Co-founder and partner Harry Man, a Hongkonger with 14 years of investment experience in the US and China, said Matrix Partners China was focused on developing in the "right way".
"Many people think a good venture capitalist should be like a sharpshooter, being able to tell who could be the final winner. But the reality is not like that," Man said.
He said the main task in investing in start-ups was to view as many projects as possible and make sure investments covered every major market segment.
"Personally, I would examine about 300 projects all through a year and pick three or four of them to give money to," Man said.
The company also tends to hire information-technology professionals as investment managers to help sift out less-promising projects, even though they may lack financial knowledge.
Mainland mobile internet companies have mushroomed over the past couple of years, thanks to the fast growth of the smartphone market.
Official figures show that more than 70 per cent of the 1.1 billion users of mobile phones on the mainland access internet services through their handsets.
Man said that about 10 per cent of the 130-plus projects Matrix Partners had invested in had failed, while a further 20 per cent could be classified as "walking dead".
While some may see that kind of performance as not bad for a venture capital fund, Man said he was concerned the failure rate was too low.
"This shows that we were too conservative … we may get three to five times return on many OK projects.

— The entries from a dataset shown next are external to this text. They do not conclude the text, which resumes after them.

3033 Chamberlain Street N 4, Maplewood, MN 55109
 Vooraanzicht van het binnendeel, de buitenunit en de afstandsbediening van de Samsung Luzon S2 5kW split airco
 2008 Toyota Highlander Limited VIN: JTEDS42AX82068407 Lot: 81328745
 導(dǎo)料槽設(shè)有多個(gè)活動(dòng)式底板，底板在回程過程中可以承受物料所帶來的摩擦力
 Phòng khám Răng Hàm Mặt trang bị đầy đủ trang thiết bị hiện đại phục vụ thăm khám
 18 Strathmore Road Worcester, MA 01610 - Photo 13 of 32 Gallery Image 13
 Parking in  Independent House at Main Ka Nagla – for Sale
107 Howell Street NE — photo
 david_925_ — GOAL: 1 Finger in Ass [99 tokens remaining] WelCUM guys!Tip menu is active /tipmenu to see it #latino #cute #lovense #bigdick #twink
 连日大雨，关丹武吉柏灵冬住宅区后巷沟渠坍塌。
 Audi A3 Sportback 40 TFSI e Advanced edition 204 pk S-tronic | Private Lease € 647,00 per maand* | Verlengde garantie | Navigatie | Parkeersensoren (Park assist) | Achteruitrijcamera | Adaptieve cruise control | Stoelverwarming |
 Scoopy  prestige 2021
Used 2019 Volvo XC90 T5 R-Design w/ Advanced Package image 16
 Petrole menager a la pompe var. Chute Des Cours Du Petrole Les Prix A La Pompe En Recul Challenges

But we have too few super-good ones that can fetch 100 or 1,000 times return," he said.
A case in point was the firm's negotiations with JD.com several years ago.
The mainland e-commerce retailer was valued at just US$60 million at the time and was attempting to secure an investment of US$10 million from Matrix Partners to expand its online business.
"We were very close to sealing the deal," Man said. "But we gave up at the last minute, with concerns that online retailing was a low-margin business and like a bottomless pit that you'd need to pour money into again and again."
In the following years, JD.com developed into the mainland's second-largest online shopping portal after raising funds from other investors, including Tiger Global and Hillhouse Capital.
Last month, it raised about US$1.8 billion from a Nasdaq listing, with a market valuation of as much as US$26 billion.
Having missed that opportunity to get a slice of the action, Matrix Partners does not want to miss others.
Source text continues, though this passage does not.